TASK PROMPT: Each word in the data below should be copied exactly; the images should not.

======== DATASET EXTRACT

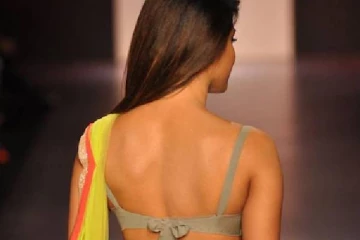 6 வருஷமா வாய்ப்பே இல்ல!! ஒரே படத்துக்கு 30 கோடி சம்பளம் வாங்கிய விஜய் பட நடிகை..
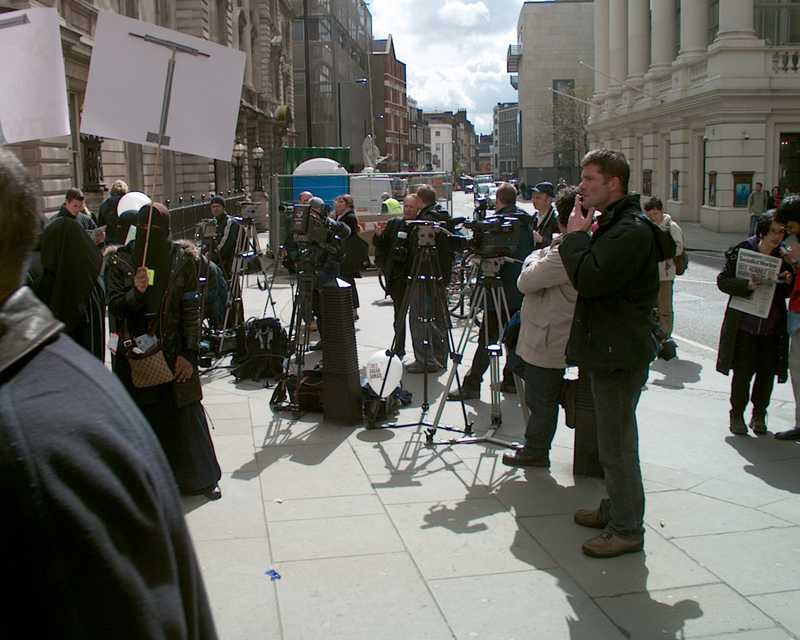 1/11 Babar Ahmad hearing 18 April 2005, Bow St Magistrates Court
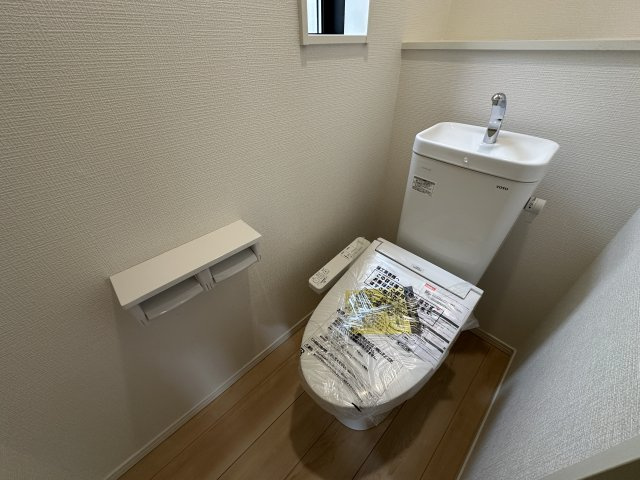 神戸市西区王塚台7丁目新築戸建４号棟のトイレ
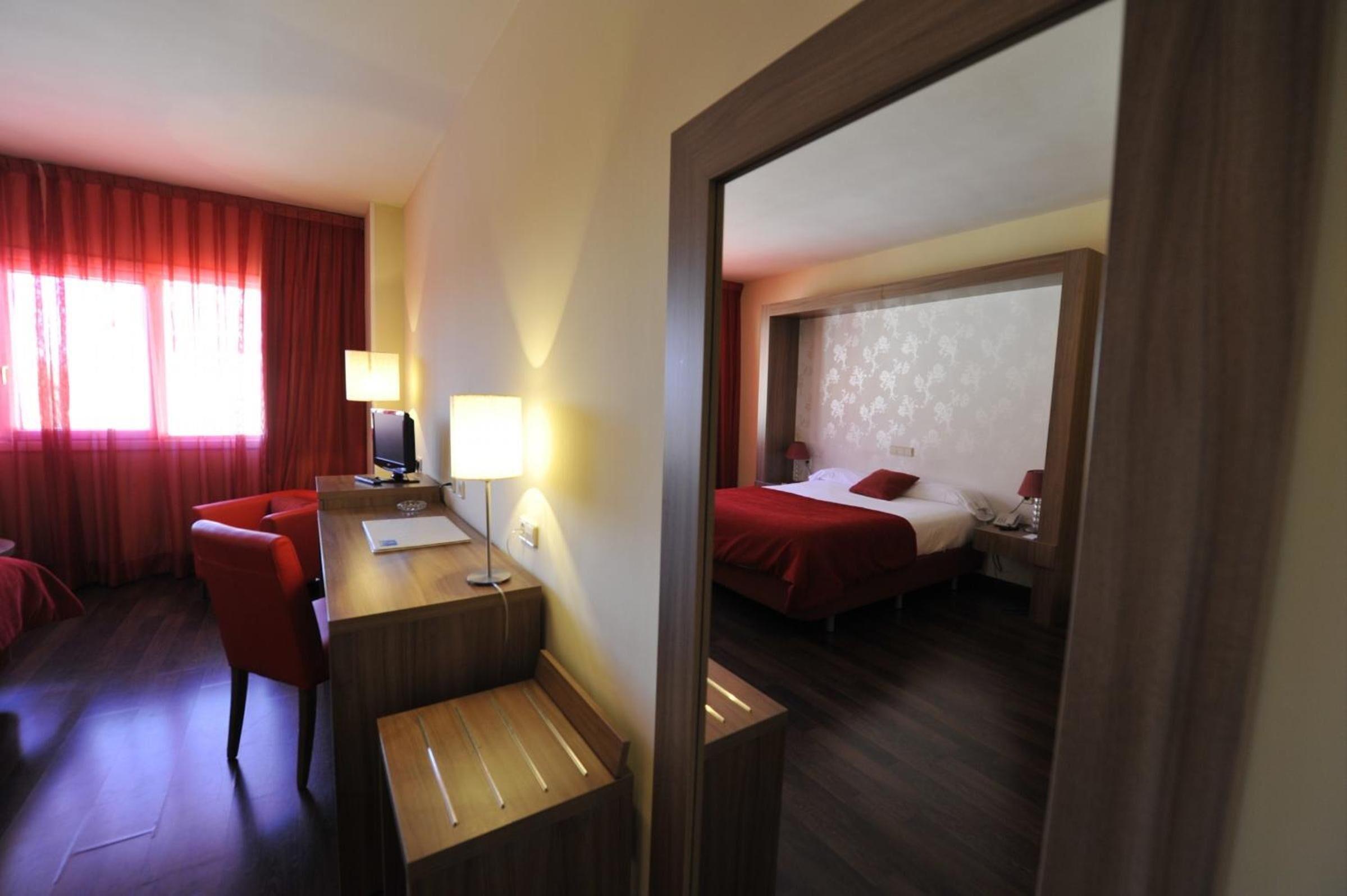 Foto - Hotel Puerta de Segovia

================

RESULT OF THE EXERCISE:
 6 வருஷமா வாய்ப்பே இல்ல!! ஒரே படத்துக்கு 30 கோடி சம்பளம் வாங்கிய விஜய் பட நடிகை..
 1/11 Babar Ahmad hearing 18 April 2005, Bow St Magistrates Court
 神戸市西区王塚台7丁目新築戸建４号棟のトイレ
 Foto - Hotel Puerta de Segovia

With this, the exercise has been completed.